WHAT TO WORK ON »
In the records below, find the line holding "Gingko leaves on car glassの写真素材" and the line holding "Puppy 🐶 Cute". Set down both, with every line between them, exactly.

WORKING DATA »
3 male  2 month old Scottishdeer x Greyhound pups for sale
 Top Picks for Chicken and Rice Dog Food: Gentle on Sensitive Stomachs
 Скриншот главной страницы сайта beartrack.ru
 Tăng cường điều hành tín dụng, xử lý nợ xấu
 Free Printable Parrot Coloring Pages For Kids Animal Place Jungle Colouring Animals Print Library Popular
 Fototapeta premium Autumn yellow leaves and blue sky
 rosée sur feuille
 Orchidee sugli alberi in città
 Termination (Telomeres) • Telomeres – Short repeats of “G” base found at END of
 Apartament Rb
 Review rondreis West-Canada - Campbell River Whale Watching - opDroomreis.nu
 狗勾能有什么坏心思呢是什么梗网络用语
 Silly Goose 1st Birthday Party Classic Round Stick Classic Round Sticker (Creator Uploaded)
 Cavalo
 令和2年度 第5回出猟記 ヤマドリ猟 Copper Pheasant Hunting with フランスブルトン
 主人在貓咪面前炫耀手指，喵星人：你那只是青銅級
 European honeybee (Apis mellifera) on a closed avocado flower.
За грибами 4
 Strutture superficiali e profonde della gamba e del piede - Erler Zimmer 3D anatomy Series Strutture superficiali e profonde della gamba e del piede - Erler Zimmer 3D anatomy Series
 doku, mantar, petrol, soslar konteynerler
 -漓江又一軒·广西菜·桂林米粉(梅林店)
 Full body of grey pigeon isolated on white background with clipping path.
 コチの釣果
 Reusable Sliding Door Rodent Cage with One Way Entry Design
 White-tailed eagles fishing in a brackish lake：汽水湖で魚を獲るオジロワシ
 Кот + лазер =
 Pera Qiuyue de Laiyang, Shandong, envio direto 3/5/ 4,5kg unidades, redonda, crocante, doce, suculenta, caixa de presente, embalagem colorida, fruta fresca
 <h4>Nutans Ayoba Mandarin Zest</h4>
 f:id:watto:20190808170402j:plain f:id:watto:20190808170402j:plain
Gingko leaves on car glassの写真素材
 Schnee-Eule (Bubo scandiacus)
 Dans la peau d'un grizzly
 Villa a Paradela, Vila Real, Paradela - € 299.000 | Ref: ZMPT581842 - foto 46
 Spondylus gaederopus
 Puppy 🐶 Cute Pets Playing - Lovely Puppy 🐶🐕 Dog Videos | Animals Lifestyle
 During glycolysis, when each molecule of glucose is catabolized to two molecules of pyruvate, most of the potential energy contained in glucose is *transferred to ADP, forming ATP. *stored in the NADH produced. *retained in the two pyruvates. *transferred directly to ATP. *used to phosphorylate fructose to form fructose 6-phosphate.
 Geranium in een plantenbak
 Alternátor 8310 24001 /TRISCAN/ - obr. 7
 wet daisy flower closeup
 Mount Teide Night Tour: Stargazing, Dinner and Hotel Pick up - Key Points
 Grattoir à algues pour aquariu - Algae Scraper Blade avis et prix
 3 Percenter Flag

EXERCISE RESULT »
Gingko leaves on car glassの写真素材
 Schnee-Eule (Bubo scandiacus)
 Dans la peau d'un grizzly
 Villa a Paradela, Vila Real, Paradela - € 299.000 | Ref: ZMPT581842 - foto 46
 Spondylus gaederopus
 Puppy 🐶 Cute Pets Playing - Lovely Puppy 🐶🐕 Dog Videos | Animals Lifestyle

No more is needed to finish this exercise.